Piccoli ucraini con i disegni

Redazione Ansa

 "Non mi basta questo foglio per il bene che ti voglio". Un filastrocca, con un cuore rosso e dei palloncini colorati disegnati a fianco, come quelli che hanno fatto volare in cielo: così i bambini ucraini accolti della casa famiglia di Suor Paola a Roma hanno mandato gli auguri ai loro papà lontani, rimasti in Ucraina a combattere. Nella struttura alla periferia della Capitale, dove da anni Suor Paola aiuta chi ha bisogno, ad oggi ci sono anche 9 nuclei famigliari, scappati dalla guerra: mamme, nonni e 12 bambini. "Ho iniziato a tremare vedendo quelle persone smarrite che scappavano. Quando ho capito che stavano arrivando per rifugiarsi, ho pensato che potevamo aprire le nostre porte. Per caso ci è arrivato il primo nucleo di ucraine. Poi da quel momento abbiamo visto un continuo via vai di gente che arrivava piangendo, senza sapere dove andare.
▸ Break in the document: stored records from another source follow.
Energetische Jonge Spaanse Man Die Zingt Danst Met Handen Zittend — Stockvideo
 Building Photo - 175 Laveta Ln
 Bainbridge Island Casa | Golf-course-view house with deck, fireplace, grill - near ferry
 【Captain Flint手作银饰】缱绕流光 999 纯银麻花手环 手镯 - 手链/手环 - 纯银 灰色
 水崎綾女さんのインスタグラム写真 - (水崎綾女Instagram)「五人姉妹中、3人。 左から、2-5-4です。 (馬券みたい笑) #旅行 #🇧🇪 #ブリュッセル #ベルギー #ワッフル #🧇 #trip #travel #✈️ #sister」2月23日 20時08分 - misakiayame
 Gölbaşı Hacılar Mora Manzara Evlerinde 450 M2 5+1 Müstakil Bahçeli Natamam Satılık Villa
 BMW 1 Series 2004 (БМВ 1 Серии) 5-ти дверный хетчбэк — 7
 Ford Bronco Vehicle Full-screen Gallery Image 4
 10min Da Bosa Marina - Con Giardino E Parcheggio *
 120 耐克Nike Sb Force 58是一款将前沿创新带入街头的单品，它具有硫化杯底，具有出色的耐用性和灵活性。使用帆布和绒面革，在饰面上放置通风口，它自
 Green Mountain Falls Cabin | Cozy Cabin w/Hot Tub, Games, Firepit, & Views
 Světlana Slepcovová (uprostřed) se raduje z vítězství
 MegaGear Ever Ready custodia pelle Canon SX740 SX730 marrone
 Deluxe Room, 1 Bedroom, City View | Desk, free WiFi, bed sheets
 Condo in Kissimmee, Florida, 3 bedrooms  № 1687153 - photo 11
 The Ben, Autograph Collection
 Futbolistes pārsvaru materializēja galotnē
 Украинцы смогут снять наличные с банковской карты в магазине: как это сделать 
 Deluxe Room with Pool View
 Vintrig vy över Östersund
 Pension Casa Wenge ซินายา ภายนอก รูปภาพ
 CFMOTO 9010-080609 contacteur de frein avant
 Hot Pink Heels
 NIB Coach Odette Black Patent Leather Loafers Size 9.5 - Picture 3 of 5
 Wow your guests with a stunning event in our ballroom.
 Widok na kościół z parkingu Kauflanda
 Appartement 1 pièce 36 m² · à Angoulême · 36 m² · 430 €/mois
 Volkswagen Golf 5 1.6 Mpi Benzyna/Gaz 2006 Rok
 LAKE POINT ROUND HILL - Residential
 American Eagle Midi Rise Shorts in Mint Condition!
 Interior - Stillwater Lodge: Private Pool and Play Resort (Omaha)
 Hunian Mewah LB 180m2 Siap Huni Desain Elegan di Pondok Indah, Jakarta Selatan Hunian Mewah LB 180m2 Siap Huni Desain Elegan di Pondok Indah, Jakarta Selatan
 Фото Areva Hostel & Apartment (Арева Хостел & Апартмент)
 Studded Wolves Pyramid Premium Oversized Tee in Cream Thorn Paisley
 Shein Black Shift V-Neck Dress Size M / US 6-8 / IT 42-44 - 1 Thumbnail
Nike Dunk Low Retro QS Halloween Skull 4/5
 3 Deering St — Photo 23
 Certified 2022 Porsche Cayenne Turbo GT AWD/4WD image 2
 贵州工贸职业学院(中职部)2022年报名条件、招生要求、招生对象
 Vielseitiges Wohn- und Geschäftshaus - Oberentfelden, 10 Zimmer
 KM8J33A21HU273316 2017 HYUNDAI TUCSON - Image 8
    Qualcuno aveva viaggiato 3 o 4 notti, aspettando per giorni alle frontiere", ha detto suor Paola all'ANSA, raccontando appunto che il lavoro è tanto, come tante sono le persone che le stanno chiedendo aiuto. Con i volontari si sta provvedendo alla cura di chi arriva, facendo fare i vaccini, i documenti necessari alla permanenza, pensando anche ad organizzare la loro vita qui, trovando un lavoro e mandando a scuola bimbi e ragazzi. Per ospitare altri profughi anche la struttura di Monte Mario di 'So.Spe, solidarietà e speranza', verrà adibita per accogliere e far dormire chi sta arrivando.
    Oggi nel giorno della festa di San Giuseppe, i volontari con i bambini e le mamme, hanno quindi deciso di dedicare questa giornata ai papà lontani, con palloncini lanciati in aria, come per raggiungere chi è lontano, poi una messa e l'accensione delle candele. Un pensiero quindi per chi sta lì a combattere in Ucraina, ma anche per quei genitori che purtroppo sono morti sotto le bombe. "'Ma tu mi puoi tenere qua in Italia? Io li ho perso tutto. Non ho più la mia casa né i miei genitori'. Così mi ha detto un bimbo di appena otto anni", dice Suor Paola. "Una forza della natura - racconta - appena vede una persona la studia e poi la abbraccia". Di storie così, purtroppo, ce ne sono molte: "Per loro la più grande sofferenza è non sapere quale sarà il futuro, ma hanno anche la speranza che questa guerra finisca presto". Per il momento Suor Paola ha pensato a tutto quello che poteva fare, aprendo così le porte della propria casa e mettendo in campo la sua esperienza nella rete dell'accoglienza. Cercando di regalare un po' di normalità a chi l'ha dovuta lasciare dietro di sè.